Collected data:
• • • •
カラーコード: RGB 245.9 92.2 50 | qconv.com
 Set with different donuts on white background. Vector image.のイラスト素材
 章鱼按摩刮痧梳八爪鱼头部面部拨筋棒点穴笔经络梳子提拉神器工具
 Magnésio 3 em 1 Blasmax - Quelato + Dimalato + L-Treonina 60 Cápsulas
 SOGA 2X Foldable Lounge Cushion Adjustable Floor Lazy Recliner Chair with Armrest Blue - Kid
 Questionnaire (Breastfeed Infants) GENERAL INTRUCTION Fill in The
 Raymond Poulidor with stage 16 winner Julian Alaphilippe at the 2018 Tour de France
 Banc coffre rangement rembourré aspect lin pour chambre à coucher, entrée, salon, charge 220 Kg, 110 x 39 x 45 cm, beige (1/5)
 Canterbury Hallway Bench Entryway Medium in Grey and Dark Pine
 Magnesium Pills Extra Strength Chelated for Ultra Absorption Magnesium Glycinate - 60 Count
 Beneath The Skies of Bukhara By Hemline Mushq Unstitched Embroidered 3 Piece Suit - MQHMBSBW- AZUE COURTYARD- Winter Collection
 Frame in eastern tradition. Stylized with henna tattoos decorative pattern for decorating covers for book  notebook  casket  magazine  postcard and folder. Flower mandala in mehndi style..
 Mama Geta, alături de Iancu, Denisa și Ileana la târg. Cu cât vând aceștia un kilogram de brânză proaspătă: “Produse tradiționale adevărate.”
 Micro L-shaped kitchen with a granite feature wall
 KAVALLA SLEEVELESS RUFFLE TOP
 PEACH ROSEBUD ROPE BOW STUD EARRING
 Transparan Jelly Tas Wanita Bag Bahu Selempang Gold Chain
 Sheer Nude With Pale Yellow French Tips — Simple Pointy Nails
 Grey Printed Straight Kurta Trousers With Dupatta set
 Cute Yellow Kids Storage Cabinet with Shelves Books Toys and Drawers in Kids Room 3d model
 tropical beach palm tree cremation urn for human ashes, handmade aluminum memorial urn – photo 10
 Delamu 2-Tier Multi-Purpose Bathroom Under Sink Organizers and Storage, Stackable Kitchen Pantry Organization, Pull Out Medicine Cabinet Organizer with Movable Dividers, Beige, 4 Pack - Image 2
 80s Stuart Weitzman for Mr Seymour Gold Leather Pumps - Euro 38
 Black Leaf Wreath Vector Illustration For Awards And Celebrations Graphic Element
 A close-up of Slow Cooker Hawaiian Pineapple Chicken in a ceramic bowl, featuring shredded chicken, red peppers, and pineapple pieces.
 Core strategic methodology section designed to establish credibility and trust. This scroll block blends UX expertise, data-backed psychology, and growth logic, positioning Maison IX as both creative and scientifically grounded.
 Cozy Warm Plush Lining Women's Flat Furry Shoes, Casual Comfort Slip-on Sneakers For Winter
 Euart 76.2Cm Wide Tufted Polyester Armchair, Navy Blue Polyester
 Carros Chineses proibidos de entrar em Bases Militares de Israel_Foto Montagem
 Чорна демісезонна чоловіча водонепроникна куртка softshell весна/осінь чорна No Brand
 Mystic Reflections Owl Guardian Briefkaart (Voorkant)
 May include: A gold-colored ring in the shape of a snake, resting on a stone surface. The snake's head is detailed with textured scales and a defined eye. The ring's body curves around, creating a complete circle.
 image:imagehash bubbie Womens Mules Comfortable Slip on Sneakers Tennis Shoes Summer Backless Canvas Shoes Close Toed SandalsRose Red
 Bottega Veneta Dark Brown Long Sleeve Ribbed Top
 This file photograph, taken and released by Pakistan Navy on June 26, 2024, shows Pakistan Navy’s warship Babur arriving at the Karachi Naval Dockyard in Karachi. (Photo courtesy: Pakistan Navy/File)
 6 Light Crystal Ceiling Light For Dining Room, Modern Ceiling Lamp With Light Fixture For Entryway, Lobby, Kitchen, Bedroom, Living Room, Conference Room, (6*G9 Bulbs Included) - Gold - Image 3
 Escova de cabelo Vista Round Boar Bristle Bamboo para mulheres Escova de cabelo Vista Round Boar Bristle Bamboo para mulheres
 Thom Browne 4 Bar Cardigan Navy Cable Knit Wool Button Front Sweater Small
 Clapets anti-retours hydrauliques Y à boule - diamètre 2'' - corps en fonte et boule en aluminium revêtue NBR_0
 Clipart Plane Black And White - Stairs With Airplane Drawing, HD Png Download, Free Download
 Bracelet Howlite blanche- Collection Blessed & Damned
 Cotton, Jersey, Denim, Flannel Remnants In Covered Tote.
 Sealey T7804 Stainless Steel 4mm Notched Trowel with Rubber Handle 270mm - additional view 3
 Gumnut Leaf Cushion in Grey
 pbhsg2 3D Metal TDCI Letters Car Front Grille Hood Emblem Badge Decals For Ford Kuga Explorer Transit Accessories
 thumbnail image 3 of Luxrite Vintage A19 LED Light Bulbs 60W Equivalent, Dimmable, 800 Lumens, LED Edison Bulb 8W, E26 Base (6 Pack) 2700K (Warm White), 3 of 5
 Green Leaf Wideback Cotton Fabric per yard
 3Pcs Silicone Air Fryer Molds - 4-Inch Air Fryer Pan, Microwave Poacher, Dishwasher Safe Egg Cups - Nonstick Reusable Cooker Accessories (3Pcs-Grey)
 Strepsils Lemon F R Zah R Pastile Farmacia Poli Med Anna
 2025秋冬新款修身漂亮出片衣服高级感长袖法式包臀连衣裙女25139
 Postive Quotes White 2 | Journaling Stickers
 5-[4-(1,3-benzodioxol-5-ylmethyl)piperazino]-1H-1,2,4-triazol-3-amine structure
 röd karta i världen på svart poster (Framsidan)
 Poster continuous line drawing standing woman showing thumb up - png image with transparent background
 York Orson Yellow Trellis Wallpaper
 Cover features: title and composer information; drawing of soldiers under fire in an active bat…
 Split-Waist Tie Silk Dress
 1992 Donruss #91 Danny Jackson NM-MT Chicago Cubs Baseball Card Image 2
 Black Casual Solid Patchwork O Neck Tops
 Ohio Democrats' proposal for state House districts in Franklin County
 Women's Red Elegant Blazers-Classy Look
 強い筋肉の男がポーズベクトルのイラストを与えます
• • • •
- _Try it_
May I have the entries returned exactly, with every line in place?

- _Answer to this exercise_
カラーコード: RGB 245.9 92.2 50 | qconv.com
 Set with different donuts on white background. Vector image.のイラスト素材
 章鱼按摩刮痧梳八爪鱼头部面部拨筋棒点穴笔经络梳子提拉神器工具
 Magnésio 3 em 1 Blasmax - Quelato + Dimalato + L-Treonina 60 Cápsulas
 SOGA 2X Foldable Lounge Cushion Adjustable Floor Lazy Recliner Chair with Armrest Blue - Kid
 Questionnaire (Breastfeed Infants) GENERAL INTRUCTION Fill in The
 Raymond Poulidor with stage 16 winner Julian Alaphilippe at the 2018 Tour de France
 Banc coffre rangement rembourré aspect lin pour chambre à coucher, entrée, salon, charge 220 Kg, 110 x 39 x 45 cm, beige (1/5)
 Canterbury Hallway Bench Entryway Medium in Grey and Dark Pine
 Magnesium Pills Extra Strength Chelated for Ultra Absorption Magnesium Glycinate - 60 Count
 Beneath The Skies of Bukhara By Hemline Mushq Unstitched Embroidered 3 Piece Suit - MQHMBSBW- AZUE COURTYARD- Winter Collection
 Frame in eastern tradition. Stylized with henna tattoos decorative pattern for decorating covers for book  notebook  casket  magazine  postcard and folder. Flower mandala in mehndi style..
 Mama Geta, alături de Iancu, Denisa și Ileana la târg. Cu cât vând aceștia un kilogram de brânză proaspătă: “Produse tradiționale adevărate.”
 Micro L-shaped kitchen with a granite feature wall
 KAVALLA SLEEVELESS RUFFLE TOP
 PEACH ROSEBUD ROPE BOW STUD EARRING
 Transparan Jelly Tas Wanita Bag Bahu Selempang Gold Chain
 Sheer Nude With Pale Yellow French Tips — Simple Pointy Nails
 Grey Printed Straight Kurta Trousers With Dupatta set
 Cute Yellow Kids Storage Cabinet with Shelves Books Toys and Drawers in Kids Room 3d model
 tropical beach palm tree cremation urn for human ashes, handmade aluminum memorial urn – photo 10
 Delamu 2-Tier Multi-Purpose Bathroom Under Sink Organizers and Storage, Stackable Kitchen Pantry Organization, Pull Out Medicine Cabinet Organizer with Movable Dividers, Beige, 4 Pack - Image 2
 80s Stuart Weitzman for Mr Seymour Gold Leather Pumps - Euro 38
 Black Leaf Wreath Vector Illustration For Awards And Celebrations Graphic Element
 A close-up of Slow Cooker Hawaiian Pineapple Chicken in a ceramic bowl, featuring shredded chicken, red peppers, and pineapple pieces.
 Core strategic methodology section designed to establish credibility and trust. This scroll block blends UX expertise, data-backed psychology, and growth logic, positioning Maison IX as both creative and scientifically grounded.
 Cozy Warm Plush Lining Women's Flat Furry Shoes, Casual Comfort Slip-on Sneakers For Winter
 Euart 76.2Cm Wide Tufted Polyester Armchair, Navy Blue Polyester
 Carros Chineses proibidos de entrar em Bases Militares de Israel_Foto Montagem
 Чорна демісезонна чоловіча водонепроникна куртка softshell весна/осінь чорна No Brand
 Mystic Reflections Owl Guardian Briefkaart (Voorkant)
 May include: A gold-colored ring in the shape of a snake, resting on a stone surface. The snake's head is detailed with textured scales and a defined eye. The ring's body curves around, creating a complete circle.
 image:imagehash bubbie Womens Mules Comfortable Slip on Sneakers Tennis Shoes Summer Backless Canvas Shoes Close Toed SandalsRose Red
 Bottega Veneta Dark Brown Long Sleeve Ribbed Top
 This file photograph, taken and released by Pakistan Navy on June 26, 2024, shows Pakistan Navy’s warship Babur arriving at the Karachi Naval Dockyard in Karachi. (Photo courtesy: Pakistan Navy/File)
 6 Light Crystal Ceiling Light For Dining Room, Modern Ceiling Lamp With Light Fixture For Entryway, Lobby, Kitchen, Bedroom, Living Room, Conference Room, (6*G9 Bulbs Included) - Gold - Image 3
 Escova de cabelo Vista Round Boar Bristle Bamboo para mulheres Escova de cabelo Vista Round Boar Bristle Bamboo para mulheres
 Thom Browne 4 Bar Cardigan Navy Cable Knit Wool Button Front Sweater Small
 Clapets anti-retours hydrauliques Y à boule - diamètre 2'' - corps en fonte et boule en aluminium revêtue NBR_0
 Clipart Plane Black And White - Stairs With Airplane Drawing, HD Png Download, Free Download
 Bracelet Howlite blanche- Collection Blessed & Damned
 Cotton, Jersey, Denim, Flannel Remnants In Covered Tote.
 Sealey T7804 Stainless Steel 4mm Notched Trowel with Rubber Handle 270mm - additional view 3
 Gumnut Leaf Cushion in Grey
 pbhsg2 3D Metal TDCI Letters Car Front Grille Hood Emblem Badge Decals For Ford Kuga Explorer Transit Accessories
 thumbnail image 3 of Luxrite Vintage A19 LED Light Bulbs 60W Equivalent, Dimmable, 800 Lumens, LED Edison Bulb 8W, E26 Base (6 Pack) 2700K (Warm White), 3 of 5
 Green Leaf Wideback Cotton Fabric per yard
 3Pcs Silicone Air Fryer Molds - 4-Inch Air Fryer Pan, Microwave Poacher, Dishwasher Safe Egg Cups - Nonstick Reusable Cooker Accessories (3Pcs-Grey)
 Strepsils Lemon F R Zah R Pastile Farmacia Poli Med Anna
 2025秋冬新款修身漂亮出片衣服高级感长袖法式包臀连衣裙女25139
 Postive Quotes White 2 | Journaling Stickers
 5-[4-(1,3-benzodioxol-5-ylmethyl)piperazino]-1H-1,2,4-triazol-3-amine structure
 röd karta i världen på svart poster (Framsidan)
 Poster continuous line drawing standing woman showing thumb up - png image with transparent background
 York Orson Yellow Trellis Wallpaper
 Cover features: title and composer information; drawing of soldiers under fire in an active bat…
 Split-Waist Tie Silk Dress
 1992 Donruss #91 Danny Jackson NM-MT Chicago Cubs Baseball Card Image 2
 Black Casual Solid Patchwork O Neck Tops
 Ohio Democrats' proposal for state House districts in Franklin County
 Women's Red Elegant Blazers-Classy Look
 強い筋肉の男がポーズベクトルのイラストを与えます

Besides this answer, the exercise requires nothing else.